§ What is being asked
Print the lines in the listing below that fall between the line with "Amelia in Seaside Mistress. Slide 10" and the line with "Interiores, Cadeira, Viga", those two lines included, exactly as they stand and with nothing else.

§ Dataset excerpts
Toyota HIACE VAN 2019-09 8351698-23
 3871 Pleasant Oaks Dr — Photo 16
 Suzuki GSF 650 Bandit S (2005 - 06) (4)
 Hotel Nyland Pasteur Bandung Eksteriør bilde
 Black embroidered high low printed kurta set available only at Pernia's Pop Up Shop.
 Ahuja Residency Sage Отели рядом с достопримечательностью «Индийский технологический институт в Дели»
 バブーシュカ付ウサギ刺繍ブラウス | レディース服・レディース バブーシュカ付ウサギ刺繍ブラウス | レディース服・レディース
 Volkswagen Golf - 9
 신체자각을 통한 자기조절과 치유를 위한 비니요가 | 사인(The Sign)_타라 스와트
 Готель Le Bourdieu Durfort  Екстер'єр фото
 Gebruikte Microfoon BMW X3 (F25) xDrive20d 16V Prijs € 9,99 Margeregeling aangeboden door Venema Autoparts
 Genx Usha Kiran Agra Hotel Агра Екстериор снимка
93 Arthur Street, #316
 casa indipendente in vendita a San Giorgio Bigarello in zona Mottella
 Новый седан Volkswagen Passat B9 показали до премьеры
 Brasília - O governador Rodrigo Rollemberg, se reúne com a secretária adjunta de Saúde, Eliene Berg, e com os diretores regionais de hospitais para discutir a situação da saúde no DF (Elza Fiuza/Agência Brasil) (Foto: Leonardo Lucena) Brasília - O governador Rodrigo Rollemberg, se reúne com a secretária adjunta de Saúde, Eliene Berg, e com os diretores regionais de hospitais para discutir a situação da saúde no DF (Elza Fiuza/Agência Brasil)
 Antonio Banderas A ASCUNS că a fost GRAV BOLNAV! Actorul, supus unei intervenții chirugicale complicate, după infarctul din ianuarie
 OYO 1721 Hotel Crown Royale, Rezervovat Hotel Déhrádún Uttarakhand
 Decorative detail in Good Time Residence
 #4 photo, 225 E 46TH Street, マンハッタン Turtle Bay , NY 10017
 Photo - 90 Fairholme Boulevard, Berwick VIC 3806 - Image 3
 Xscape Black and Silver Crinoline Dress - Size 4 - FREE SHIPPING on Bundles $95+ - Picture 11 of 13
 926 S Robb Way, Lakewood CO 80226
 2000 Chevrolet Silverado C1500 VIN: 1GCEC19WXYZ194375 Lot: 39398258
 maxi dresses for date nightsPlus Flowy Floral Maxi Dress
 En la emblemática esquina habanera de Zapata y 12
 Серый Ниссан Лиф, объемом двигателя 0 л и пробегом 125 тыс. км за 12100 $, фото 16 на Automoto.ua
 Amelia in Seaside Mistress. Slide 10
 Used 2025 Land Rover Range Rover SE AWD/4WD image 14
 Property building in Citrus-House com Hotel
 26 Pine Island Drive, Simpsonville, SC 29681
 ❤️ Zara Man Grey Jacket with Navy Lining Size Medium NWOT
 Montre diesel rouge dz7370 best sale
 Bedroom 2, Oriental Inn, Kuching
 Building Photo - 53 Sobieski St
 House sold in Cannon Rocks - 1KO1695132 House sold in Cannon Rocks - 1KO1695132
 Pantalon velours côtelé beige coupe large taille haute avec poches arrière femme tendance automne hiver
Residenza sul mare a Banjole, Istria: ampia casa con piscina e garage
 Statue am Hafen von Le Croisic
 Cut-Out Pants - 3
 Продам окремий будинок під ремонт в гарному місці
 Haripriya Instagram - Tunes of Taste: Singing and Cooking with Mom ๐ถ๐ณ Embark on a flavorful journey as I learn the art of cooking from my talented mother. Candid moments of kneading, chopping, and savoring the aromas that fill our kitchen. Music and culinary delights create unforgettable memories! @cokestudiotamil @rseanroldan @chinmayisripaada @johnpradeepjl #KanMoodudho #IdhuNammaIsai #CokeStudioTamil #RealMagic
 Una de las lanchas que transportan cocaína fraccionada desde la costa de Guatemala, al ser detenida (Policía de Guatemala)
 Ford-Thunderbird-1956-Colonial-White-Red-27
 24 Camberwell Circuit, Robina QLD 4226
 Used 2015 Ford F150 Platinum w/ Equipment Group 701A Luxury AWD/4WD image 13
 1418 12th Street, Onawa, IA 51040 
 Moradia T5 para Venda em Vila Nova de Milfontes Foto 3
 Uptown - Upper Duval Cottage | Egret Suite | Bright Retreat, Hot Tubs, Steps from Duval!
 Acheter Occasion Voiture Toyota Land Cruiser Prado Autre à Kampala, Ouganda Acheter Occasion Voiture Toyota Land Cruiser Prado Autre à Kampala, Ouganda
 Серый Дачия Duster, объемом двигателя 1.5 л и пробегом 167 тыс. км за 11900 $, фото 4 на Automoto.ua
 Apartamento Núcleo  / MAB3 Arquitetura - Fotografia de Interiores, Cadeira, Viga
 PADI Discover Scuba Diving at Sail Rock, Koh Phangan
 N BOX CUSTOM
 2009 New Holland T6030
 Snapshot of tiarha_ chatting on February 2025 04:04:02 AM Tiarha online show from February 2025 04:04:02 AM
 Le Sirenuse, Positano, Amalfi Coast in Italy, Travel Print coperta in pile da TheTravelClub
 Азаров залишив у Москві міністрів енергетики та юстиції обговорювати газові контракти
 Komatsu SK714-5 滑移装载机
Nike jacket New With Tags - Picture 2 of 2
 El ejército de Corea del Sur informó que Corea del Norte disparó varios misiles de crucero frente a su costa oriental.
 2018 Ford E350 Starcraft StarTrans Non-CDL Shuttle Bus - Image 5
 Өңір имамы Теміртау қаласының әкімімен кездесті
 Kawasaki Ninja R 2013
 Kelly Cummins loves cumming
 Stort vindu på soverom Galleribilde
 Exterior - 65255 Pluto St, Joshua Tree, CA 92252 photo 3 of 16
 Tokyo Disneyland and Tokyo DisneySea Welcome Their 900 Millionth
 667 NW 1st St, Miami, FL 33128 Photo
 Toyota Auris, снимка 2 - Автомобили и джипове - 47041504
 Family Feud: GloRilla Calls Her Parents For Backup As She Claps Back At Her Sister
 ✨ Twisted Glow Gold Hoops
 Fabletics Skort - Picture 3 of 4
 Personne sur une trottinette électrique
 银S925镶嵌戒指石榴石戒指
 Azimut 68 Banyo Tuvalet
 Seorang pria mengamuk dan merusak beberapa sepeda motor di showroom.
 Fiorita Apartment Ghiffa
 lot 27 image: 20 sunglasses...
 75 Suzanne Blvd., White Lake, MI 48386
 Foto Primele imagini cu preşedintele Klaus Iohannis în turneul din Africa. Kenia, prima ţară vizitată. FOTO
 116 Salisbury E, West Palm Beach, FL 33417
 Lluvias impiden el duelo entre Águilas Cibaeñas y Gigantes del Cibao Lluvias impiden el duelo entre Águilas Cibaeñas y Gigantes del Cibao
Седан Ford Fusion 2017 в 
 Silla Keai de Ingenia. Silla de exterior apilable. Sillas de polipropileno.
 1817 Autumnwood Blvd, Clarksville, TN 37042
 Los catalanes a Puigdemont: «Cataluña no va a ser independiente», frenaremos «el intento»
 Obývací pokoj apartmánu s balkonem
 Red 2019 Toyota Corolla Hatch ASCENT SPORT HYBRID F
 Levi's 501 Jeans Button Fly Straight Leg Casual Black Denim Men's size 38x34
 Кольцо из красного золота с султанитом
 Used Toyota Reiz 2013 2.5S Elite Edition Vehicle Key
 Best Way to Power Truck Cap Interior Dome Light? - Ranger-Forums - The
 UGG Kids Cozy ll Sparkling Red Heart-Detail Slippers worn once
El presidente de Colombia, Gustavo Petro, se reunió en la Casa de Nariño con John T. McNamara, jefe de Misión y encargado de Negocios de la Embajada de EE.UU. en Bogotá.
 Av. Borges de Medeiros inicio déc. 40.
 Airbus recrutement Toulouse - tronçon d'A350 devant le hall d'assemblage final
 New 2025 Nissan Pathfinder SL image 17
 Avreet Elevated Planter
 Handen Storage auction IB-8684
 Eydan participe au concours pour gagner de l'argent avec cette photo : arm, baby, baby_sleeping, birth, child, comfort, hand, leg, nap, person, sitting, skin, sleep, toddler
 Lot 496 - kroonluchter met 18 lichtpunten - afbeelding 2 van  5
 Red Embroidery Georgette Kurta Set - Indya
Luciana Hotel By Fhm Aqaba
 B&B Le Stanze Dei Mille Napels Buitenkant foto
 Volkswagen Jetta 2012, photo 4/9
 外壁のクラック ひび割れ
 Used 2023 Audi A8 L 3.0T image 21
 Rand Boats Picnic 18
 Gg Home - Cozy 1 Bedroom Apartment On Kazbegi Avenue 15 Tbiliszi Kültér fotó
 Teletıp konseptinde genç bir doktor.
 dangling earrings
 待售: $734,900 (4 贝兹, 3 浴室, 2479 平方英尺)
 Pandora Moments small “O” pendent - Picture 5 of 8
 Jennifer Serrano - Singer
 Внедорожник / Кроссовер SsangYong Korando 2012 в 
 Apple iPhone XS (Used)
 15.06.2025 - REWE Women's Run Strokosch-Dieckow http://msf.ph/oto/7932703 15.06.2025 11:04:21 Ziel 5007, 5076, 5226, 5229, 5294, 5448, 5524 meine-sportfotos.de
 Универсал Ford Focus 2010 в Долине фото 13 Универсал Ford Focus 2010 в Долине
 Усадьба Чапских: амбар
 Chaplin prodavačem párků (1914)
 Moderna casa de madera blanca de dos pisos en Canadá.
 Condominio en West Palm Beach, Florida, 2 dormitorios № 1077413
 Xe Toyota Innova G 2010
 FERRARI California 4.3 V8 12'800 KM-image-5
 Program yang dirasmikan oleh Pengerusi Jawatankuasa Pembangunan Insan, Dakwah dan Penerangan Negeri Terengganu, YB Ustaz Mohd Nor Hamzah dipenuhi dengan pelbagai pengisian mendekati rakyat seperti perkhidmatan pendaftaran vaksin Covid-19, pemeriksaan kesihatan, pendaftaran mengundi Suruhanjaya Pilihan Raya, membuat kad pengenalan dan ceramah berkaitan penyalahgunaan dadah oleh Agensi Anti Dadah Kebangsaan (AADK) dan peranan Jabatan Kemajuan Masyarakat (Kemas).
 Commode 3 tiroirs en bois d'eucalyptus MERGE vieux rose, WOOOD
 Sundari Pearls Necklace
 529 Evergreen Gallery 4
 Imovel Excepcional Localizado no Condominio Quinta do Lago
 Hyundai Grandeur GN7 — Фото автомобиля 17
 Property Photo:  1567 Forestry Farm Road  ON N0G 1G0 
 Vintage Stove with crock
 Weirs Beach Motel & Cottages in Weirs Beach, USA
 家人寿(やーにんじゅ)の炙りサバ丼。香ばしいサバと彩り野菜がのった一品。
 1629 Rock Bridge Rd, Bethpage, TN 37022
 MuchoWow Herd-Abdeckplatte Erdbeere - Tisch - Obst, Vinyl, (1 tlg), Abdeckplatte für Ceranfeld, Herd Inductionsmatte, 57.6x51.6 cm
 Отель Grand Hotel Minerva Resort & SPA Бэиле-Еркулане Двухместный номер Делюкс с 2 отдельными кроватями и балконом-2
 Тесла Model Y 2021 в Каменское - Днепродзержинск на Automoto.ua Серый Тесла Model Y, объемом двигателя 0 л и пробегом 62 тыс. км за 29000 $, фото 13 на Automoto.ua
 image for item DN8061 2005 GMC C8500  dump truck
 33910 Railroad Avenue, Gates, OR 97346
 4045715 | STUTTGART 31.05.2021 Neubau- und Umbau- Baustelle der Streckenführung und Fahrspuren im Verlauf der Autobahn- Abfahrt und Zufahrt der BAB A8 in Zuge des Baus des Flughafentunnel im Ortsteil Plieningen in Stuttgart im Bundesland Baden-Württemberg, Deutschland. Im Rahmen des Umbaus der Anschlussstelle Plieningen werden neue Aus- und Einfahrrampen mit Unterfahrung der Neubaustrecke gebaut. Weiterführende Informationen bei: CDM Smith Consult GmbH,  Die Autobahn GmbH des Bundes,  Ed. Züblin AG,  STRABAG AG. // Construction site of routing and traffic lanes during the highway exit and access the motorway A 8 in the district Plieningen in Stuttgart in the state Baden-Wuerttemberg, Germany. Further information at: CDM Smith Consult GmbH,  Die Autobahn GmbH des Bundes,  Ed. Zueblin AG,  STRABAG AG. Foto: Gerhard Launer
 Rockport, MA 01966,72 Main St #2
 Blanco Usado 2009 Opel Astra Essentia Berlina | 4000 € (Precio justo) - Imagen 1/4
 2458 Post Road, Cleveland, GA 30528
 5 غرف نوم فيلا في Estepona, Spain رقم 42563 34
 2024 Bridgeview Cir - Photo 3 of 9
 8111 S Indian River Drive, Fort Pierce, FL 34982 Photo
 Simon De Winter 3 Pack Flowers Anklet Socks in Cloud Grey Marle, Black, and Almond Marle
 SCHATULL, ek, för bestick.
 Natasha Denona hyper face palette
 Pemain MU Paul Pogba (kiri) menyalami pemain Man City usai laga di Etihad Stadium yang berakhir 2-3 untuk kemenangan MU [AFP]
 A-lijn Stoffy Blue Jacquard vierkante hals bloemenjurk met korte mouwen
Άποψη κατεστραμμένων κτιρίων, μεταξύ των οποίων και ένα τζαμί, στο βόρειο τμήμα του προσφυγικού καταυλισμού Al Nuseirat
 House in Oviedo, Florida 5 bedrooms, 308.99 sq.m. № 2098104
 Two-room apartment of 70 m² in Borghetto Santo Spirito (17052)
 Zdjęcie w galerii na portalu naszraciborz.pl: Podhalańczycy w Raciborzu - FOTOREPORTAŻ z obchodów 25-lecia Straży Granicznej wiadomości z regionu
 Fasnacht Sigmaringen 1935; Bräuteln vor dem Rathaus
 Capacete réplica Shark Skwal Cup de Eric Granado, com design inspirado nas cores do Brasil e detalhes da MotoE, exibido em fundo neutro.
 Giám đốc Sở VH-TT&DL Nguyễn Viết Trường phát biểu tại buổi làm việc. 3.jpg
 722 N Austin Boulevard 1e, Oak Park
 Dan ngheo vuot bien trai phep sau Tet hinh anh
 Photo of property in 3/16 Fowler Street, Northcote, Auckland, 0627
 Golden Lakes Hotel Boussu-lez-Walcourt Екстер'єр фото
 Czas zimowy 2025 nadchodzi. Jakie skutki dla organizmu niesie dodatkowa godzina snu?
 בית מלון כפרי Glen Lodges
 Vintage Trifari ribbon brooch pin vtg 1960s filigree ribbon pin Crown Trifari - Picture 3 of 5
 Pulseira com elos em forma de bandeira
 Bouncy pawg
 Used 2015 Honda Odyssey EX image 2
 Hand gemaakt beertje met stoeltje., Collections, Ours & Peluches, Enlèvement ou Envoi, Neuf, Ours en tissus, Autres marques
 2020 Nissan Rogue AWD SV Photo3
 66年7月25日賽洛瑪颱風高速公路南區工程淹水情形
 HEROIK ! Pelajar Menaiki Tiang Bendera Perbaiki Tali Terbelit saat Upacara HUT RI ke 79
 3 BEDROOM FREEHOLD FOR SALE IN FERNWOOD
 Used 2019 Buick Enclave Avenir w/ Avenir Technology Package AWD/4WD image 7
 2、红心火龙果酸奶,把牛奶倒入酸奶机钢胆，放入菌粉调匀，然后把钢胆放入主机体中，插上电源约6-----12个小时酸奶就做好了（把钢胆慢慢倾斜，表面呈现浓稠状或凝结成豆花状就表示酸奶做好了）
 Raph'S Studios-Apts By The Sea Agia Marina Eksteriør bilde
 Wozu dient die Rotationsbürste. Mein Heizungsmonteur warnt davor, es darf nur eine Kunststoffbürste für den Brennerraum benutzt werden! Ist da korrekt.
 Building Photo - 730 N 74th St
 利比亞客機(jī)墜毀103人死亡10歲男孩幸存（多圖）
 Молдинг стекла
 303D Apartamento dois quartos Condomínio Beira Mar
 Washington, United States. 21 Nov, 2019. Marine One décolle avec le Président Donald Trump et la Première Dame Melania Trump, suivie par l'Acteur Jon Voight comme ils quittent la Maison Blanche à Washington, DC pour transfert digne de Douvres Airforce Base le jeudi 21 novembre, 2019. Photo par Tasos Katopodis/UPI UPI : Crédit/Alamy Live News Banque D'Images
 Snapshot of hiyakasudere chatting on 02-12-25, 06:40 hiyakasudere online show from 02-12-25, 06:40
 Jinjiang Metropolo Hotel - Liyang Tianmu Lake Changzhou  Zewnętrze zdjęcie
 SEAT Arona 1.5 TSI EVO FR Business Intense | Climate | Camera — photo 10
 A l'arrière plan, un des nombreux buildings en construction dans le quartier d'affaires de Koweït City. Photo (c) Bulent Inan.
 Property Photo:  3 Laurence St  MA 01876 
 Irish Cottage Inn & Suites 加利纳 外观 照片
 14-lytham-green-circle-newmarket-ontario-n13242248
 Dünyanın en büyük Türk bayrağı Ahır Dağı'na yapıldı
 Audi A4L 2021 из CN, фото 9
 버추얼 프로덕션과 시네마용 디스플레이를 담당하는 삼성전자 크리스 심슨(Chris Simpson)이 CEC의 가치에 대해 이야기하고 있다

§ Written answer
 Amelia in Seaside Mistress. Slide 10
 Used 2025 Land Rover Range Rover SE AWD/4WD image 14
 Property building in Citrus-House com Hotel
 26 Pine Island Drive, Simpsonville, SC 29681
 ❤️ Zara Man Grey Jacket with Navy Lining Size Medium NWOT
 Montre diesel rouge dz7370 best sale
 Bedroom 2, Oriental Inn, Kuching
 Building Photo - 53 Sobieski St
 House sold in Cannon Rocks - 1KO1695132 House sold in Cannon Rocks - 1KO1695132
 Pantalon velours côtelé beige coupe large taille haute avec poches arrière femme tendance automne hiver
Residenza sul mare a Banjole, Istria: ampia casa con piscina e garage
 Statue am Hafen von Le Croisic
 Cut-Out Pants - 3
 Продам окремий будинок під ремонт в гарному місці
 Haripriya Instagram - Tunes of Taste: Singing and Cooking with Mom ๐ถ๐ณ Embark on a flavorful journey as I learn the art of cooking from my talented mother. Candid moments of kneading, chopping, and savoring the aromas that fill our kitchen. Music and culinary delights create unforgettable memories! @cokestudiotamil @rseanroldan @chinmayisripaada @johnpradeepjl #KanMoodudho #IdhuNammaIsai #CokeStudioTamil #RealMagic
 Una de las lanchas que transportan cocaína fraccionada desde la costa de Guatemala, al ser detenida (Policía de Guatemala)
 Ford-Thunderbird-1956-Colonial-White-Red-27
 24 Camberwell Circuit, Robina QLD 4226
 Used 2015 Ford F150 Platinum w/ Equipment Group 701A Luxury AWD/4WD image 13
 1418 12th Street, Onawa, IA 51040 
 Moradia T5 para Venda em Vila Nova de Milfontes Foto 3
 Uptown - Upper Duval Cottage | Egret Suite | Bright Retreat, Hot Tubs, Steps from Duval!
 Acheter Occasion Voiture Toyota Land Cruiser Prado Autre à Kampala, Ouganda Acheter Occasion Voiture Toyota Land Cruiser Prado Autre à Kampala, Ouganda
 Серый Дачия Duster, объемом двигателя 1.5 л и пробегом 167 тыс. км за 11900 $, фото 4 на Automoto.ua
 Apartamento Núcleo  / MAB3 Arquitetura - Fotografia de Interiores, Cadeira, Viga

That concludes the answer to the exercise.